- Task objective: Starting with the line that holds "Two teens talking outdoors", copy out each remaining line of the listing below, up to and including the last one, and include nothing else.

- Data extract:

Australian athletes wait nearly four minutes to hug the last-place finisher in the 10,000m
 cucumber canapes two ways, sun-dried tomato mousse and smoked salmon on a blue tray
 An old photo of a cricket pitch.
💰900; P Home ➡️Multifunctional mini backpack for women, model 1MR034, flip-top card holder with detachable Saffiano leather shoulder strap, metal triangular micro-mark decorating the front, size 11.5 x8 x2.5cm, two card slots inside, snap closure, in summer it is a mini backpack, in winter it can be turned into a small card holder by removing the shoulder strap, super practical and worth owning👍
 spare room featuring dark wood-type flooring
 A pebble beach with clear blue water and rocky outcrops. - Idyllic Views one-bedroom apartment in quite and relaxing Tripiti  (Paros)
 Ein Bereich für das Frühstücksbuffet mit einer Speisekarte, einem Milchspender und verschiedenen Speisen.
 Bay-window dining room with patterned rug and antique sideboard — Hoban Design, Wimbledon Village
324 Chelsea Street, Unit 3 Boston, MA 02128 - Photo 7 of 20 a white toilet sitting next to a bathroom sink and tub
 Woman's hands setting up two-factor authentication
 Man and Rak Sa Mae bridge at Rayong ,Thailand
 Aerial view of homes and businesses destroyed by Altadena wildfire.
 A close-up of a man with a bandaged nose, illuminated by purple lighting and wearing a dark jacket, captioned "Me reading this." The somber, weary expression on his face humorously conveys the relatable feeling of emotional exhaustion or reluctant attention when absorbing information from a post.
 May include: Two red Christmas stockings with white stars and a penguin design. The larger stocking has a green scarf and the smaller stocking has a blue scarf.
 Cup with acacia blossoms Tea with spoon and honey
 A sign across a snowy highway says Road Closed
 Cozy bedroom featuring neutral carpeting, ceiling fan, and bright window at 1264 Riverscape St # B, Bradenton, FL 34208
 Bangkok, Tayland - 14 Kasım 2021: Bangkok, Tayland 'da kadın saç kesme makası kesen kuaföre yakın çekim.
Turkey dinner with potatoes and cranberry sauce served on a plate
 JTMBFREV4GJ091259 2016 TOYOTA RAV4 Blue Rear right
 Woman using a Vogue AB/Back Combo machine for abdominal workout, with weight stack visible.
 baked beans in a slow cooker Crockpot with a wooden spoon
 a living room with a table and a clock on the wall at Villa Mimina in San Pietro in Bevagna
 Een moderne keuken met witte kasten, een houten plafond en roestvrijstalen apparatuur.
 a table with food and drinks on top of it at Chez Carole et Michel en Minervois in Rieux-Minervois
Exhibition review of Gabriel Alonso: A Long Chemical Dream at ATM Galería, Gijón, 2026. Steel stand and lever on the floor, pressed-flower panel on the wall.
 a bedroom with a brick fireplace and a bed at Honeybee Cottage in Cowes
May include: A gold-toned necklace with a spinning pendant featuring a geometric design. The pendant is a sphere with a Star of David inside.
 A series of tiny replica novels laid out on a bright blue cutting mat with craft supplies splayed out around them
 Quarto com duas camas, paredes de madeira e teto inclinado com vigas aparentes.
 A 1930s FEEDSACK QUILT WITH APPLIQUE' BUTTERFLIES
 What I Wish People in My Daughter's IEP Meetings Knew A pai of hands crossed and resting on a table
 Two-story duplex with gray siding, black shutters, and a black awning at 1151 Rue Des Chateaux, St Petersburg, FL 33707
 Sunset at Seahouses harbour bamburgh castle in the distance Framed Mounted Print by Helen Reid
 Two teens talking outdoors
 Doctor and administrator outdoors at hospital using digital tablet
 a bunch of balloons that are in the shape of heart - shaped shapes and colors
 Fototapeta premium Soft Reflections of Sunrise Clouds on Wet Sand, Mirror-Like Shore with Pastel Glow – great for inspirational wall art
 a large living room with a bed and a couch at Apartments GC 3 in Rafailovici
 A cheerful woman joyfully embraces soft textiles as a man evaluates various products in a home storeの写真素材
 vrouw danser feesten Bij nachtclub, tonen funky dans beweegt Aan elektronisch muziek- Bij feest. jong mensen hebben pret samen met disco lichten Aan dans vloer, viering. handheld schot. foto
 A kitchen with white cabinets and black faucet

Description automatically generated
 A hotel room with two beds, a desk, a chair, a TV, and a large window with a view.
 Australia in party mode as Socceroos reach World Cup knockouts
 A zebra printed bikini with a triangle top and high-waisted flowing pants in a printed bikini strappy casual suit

- Answer below:
 Two teens talking outdoors
 Doctor and administrator outdoors at hospital using digital tablet
 a bunch of balloons that are in the shape of heart - shaped shapes and colors
 Fototapeta premium Soft Reflections of Sunrise Clouds on Wet Sand, Mirror-Like Shore with Pastel Glow – great for inspirational wall art
 a large living room with a bed and a couch at Apartments GC 3 in Rafailovici
 A cheerful woman joyfully embraces soft textiles as a man evaluates various products in a home storeの写真素材
 vrouw danser feesten Bij nachtclub, tonen funky dans beweegt Aan elektronisch muziek- Bij feest. jong mensen hebben pret samen met disco lichten Aan dans vloer, viering. handheld schot. foto
 A kitchen with white cabinets and black faucet

Description automatically generated
 A hotel room with two beds, a desk, a chair, a TV, and a large window with a view.
 Australia in party mode as Socceroos reach World Cup knockouts
 A zebra printed bikini with a triangle top and high-waisted flowing pants in a printed bikini strappy casual suit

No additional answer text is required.